The video shows a slender figure clad in light coloured sweatpants and a dark top running towards the church along the highway, then disappearing from view for several seconds before reappearing on the Interstate 5 northbound on ramp.
"Upon review of the video surveillance, only one camera located on the south side of the building captured Sherri Papini walking in the area of the Highway 99W and the Interstate 5 northbound interchange," Sgt Jackson said in a statement from the Sheriff's Office overnight.
"Sherri Papini can be seen running to the church north on Highway 99W and then south on Highway 99W until she goes out of view, heading toward the Interstate 5 northbound on ramp."
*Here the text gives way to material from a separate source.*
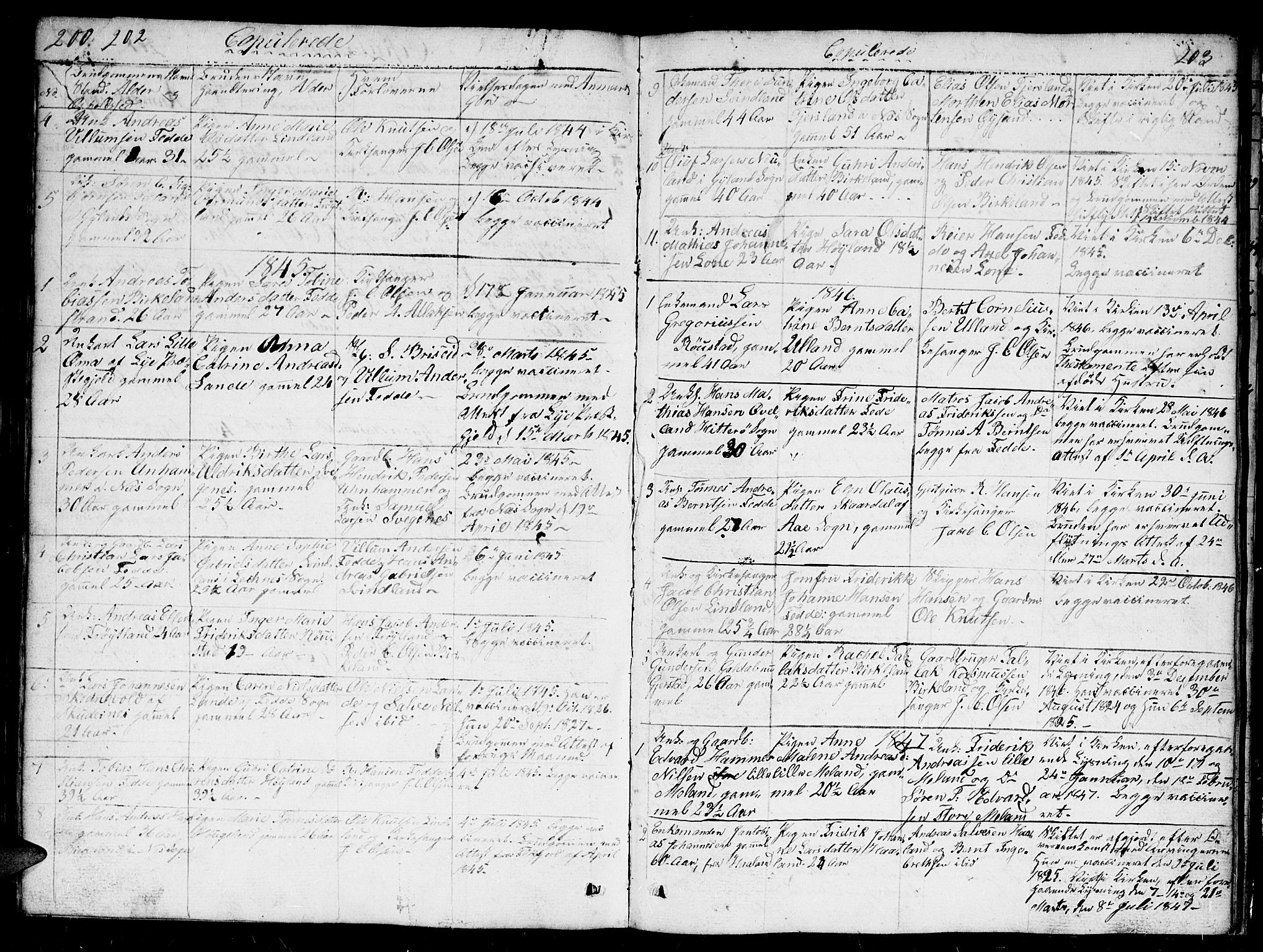 Kvinesdal sokneprestkontor, SAK/1111-0026/F/Fb/Fba/L0002: Parish register (copy) no. B 2, 1838-1858, p. 202-203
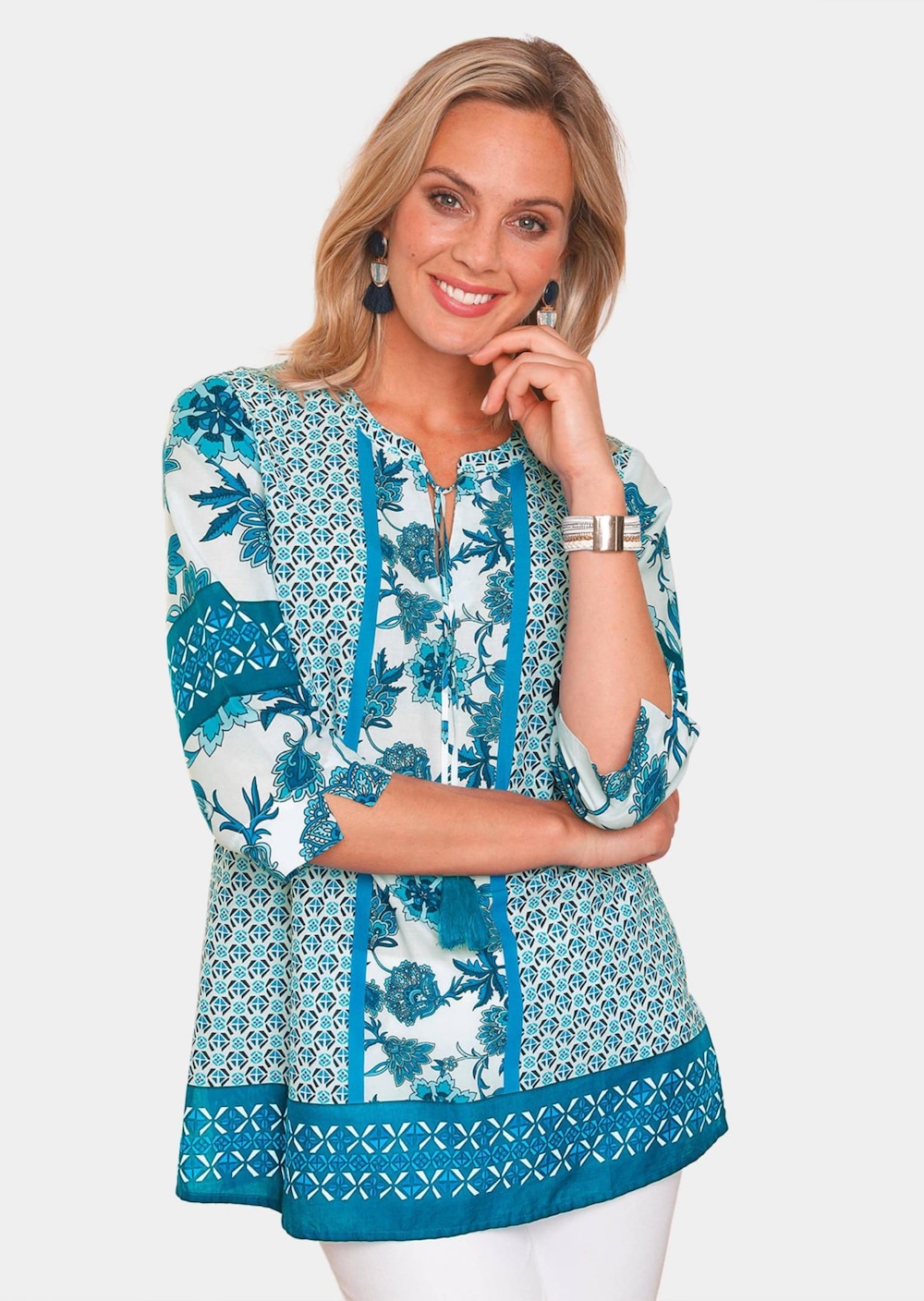 GOLDNER Bluse Baumwoll Druckbluse mit Bindeband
Ms Papini, 35, told detectives she was abducted by two Hispanic women who held her captive for 22 days last November before inexplicably releasing her alive on Thanksgiving morning.
A truck driver called emergency services after spotting her on the roadside. She was found chained, beaten, branded and malnourished.
Detectives investigating the bizarre case, which has been plagued by speculation it was staged by the petite blonde mother-of-two, appear no closer to tracking down and arresting the perpetrators.
However, last month authorities dropped sensational new details uncovered in the investigation so far.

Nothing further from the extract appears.